_WORK REQUEST_
Every line from the one containing "NEW PAPARAZZI viscose" through the last line below should be reproduced exactly; please include nothing else.

_GIVEN INFORMATION_
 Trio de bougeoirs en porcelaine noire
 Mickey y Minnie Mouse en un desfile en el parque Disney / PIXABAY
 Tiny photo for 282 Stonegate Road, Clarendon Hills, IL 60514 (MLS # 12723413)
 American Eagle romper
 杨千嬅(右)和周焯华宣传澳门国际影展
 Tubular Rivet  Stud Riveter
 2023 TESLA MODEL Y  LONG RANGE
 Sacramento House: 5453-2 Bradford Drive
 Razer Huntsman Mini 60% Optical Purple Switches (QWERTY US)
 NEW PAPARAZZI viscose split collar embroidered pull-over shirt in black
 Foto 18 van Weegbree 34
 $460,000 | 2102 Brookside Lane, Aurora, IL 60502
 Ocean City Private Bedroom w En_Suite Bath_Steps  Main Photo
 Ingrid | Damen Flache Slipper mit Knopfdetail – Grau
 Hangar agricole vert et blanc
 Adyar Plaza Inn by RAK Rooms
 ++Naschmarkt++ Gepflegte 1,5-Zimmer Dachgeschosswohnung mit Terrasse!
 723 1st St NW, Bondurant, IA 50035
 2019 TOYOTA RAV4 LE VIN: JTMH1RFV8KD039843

_FINISHED TASK_
 NEW PAPARAZZI viscose split collar embroidered pull-over shirt in black
 Foto 18 van Weegbree 34
 $460,000 | 2102 Brookside Lane, Aurora, IL 60502
 Ocean City Private Bedroom w En_Suite Bath_Steps  Main Photo
 Ingrid | Damen Flache Slipper mit Knopfdetail – Grau
 Hangar agricole vert et blanc
 Adyar Plaza Inn by RAK Rooms
 ++Naschmarkt++ Gepflegte 1,5-Zimmer Dachgeschosswohnung mit Terrasse!
 723 1st St NW, Bondurant, IA 50035
 2019 TOYOTA RAV4 LE VIN: JTMH1RFV8KD039843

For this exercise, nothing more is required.